Konya’nın Seydişehir ve Antalya’nın Gündoğmuş ilçeleri arasında yer alan, 50 metre yükseklikten akan Uçansu Şelalesi, yerli ve yabancı ziyaretçilerin ilgi odağı. Konya Ovası’nın güneyinde yer alan Orta Toroslar’ın zirvelerinden Akdağ ve Geyik dağlarındaki karların erimesiyle beslenen şelale, bahar aylarında en coşkulu dönemini yaşıyor.
Toroslar’ın eriyen kar suları Uçansu Şelalesi’nden sonra, yaklaşık 100 kilometrelik bir yolculuğun sonunda Manavgat’ta Akdeniz’le buluşuyor. Şelale, yeşilin ve mavinin ahenkle buluştuğu büyüleyici doğal güzelliğiyle dikkati çekiyor. Uçansu Şelalesi, yemyeşil ağaçlarla çevrili patika yollardan kuş cıvıltıları eşliğinde yürünerek ulaşılabilen “saklı bir cennet” edasıyla ziyaretçilerine bir başka dünyanın kapısını aralıyor.
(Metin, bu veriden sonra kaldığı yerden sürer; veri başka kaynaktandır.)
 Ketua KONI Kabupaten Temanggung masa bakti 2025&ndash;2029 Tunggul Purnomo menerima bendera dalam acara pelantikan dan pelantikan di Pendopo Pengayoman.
ZORLU BİR YOLCULUĞUN ARDINDAN ULAŞILIYOR
Konya ile Antalya arasında kalan şelaleye ulaşmak için, uzun ve zahmetli bir yolun izlenmesi gerekiyor. Zorlu dağ patikalarından, çam ağaçları ve Toros Dağları’nın sarp kayalıklarının eşliğinde, araçla yaklaşık 3 saat süren yolun sonunda büyüleyici güzellikteki şelaleye ulaşılıyor. Günün stresinden kurtulmak, piknik yapmak, doğada güzel zaman geçirmek isteyenlerin tercih ettiği yerler arasındaki Uçansu Şelalesi’nde ziyaretçiler, güzelliğiyle görsel şölen sunan alanda yürüyüş yapıyor, fotoğraf çekiyor.
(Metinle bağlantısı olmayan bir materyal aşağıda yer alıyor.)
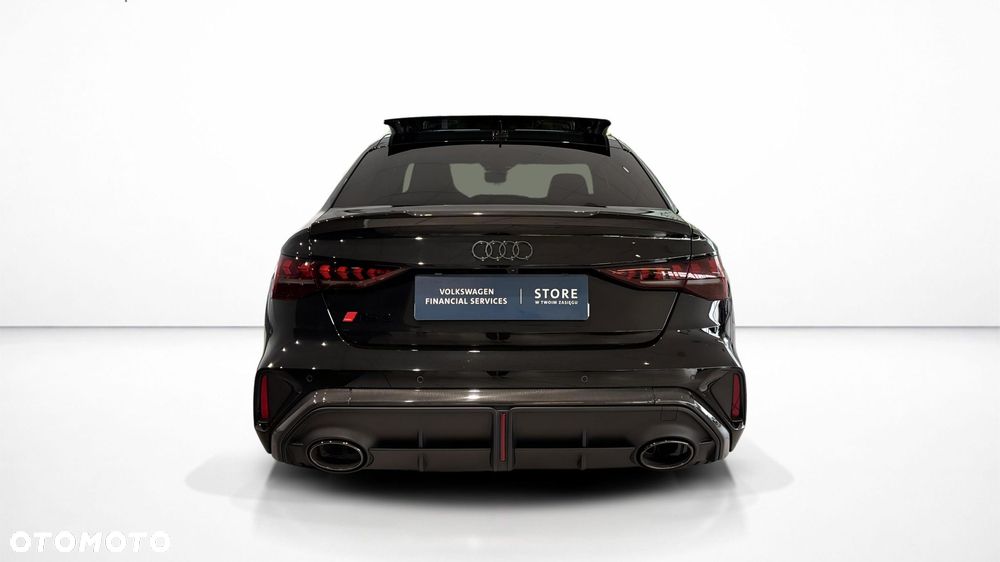 Audi RS3 Limousine - 5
Şelale, günübirlik bölgeye gelen ziyaretçilerin yanı sıra kamp kuran doğaseverleri de misafir ediyor. Bölgeyi ziyaret eden doğaseverlerden Selahattin Özer, yaptığı açıklamada, Uçansu’nun adı çok duyulmasına rağmen bölgeye ulaşımın zor olduğunu belirterek, “Dağlardaki karlar eriyince şelale coşkun bir şekilde akıyor. En az üç ay daha bu şekilde akmaya devam eder. Yaz aylarının sonunda, ağustos ayında su yeniden azalır” dedi.
Doğa tutkunu ve fotoğrafçı Mehmet Işıldak ise şelalenin mutlaka görülmesi gereken doğa harikalarından biri olduğunu ifade ederek, herkesin gelip görmesi gerektiğini söyledi.